— Required work —
After finding the line containing "image for item" below, please output that line and each following one through the line containing "Vanaf maandag wordt", exactly as written.
*** Entries supplied ***
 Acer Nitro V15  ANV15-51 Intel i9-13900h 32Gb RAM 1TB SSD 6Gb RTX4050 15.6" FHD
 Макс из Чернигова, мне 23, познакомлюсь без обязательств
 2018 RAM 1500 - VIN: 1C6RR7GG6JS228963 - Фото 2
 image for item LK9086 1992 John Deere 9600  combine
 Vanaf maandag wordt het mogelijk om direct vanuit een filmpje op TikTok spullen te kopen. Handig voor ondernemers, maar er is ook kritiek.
***
*** Entries supplied ***
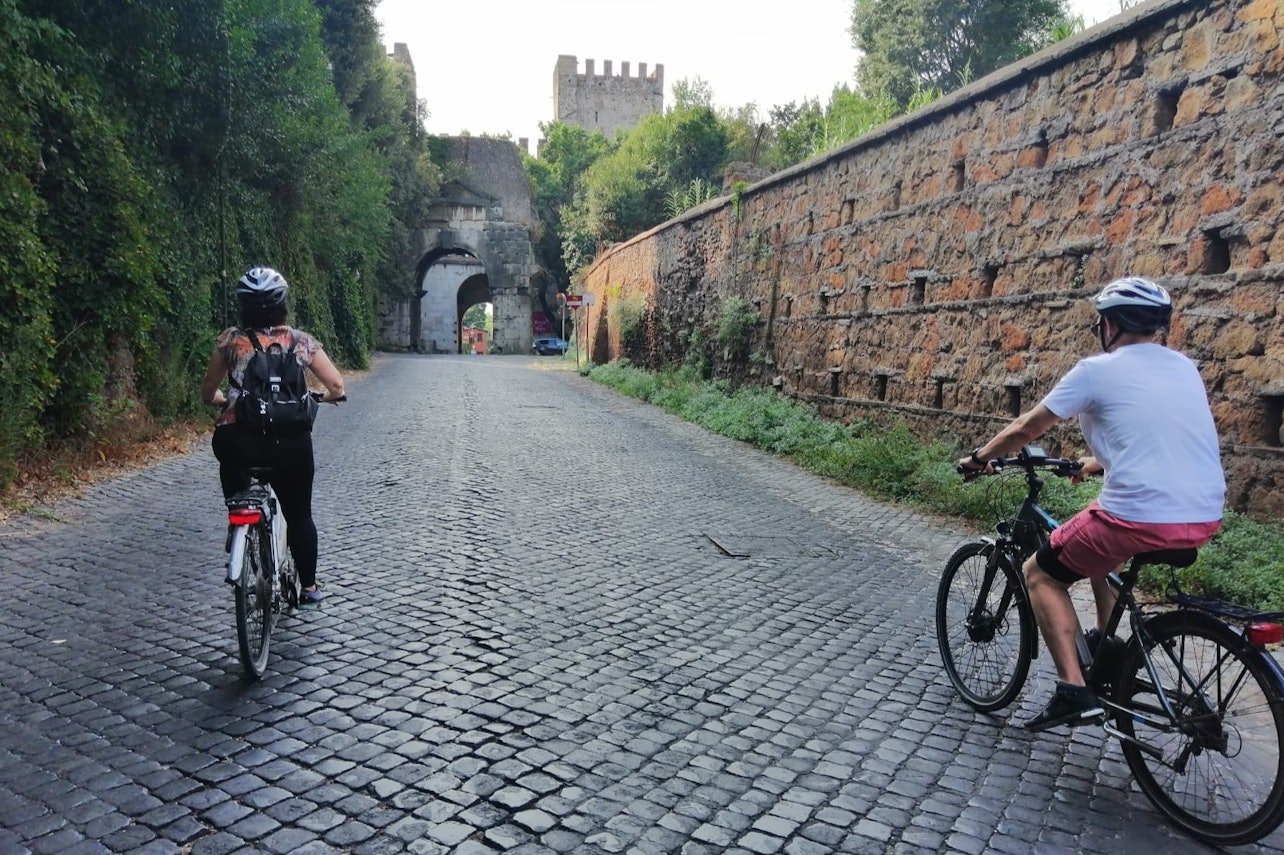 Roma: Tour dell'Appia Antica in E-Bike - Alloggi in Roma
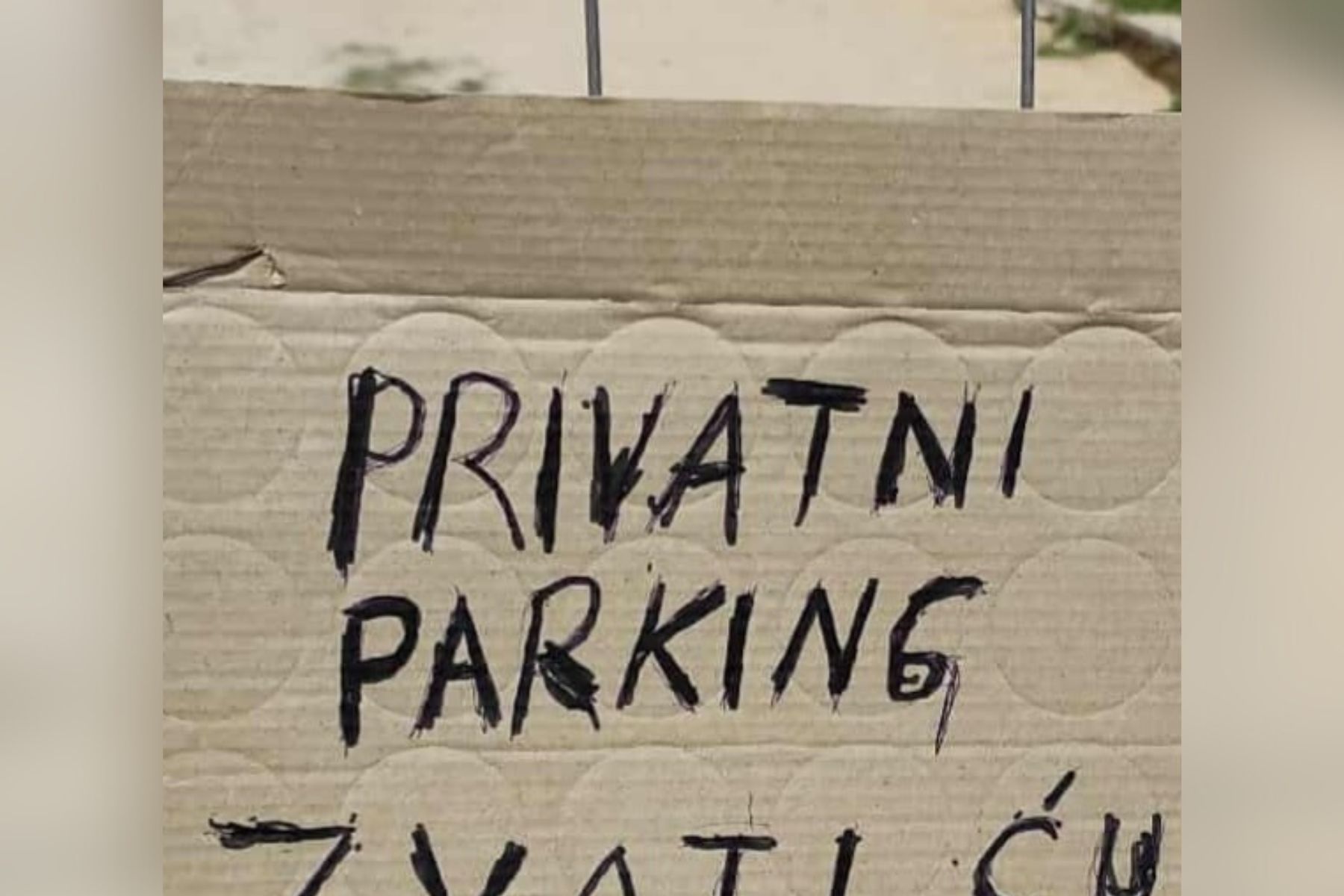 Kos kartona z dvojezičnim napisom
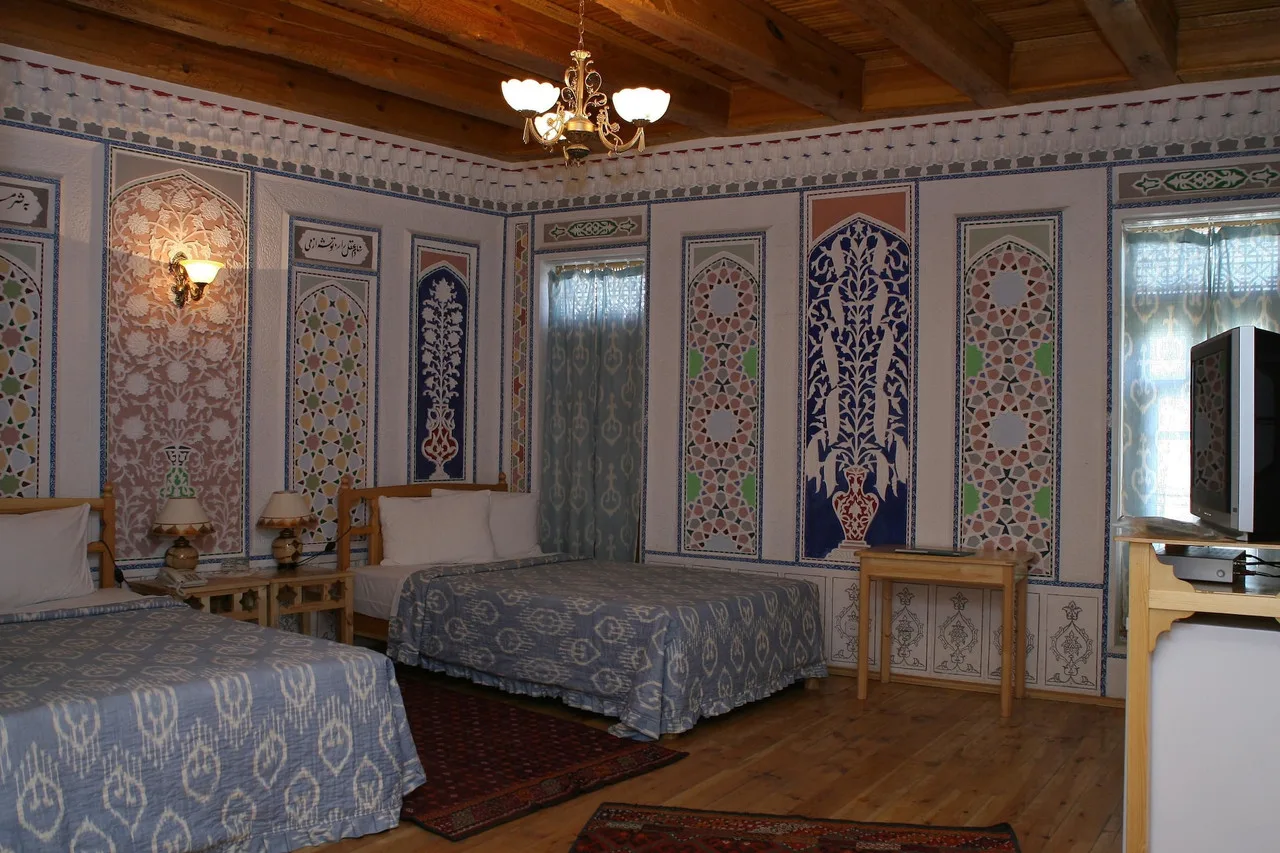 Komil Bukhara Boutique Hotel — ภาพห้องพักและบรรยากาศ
***
— Solution for this task —
 image for item LK9086 1992 John Deere 9600  combine
 Vanaf maandag wordt het mogelijk om direct vanuit een filmpje op TikTok spullen te kopen. Handig voor ondernemers, maar er is ook kritiek.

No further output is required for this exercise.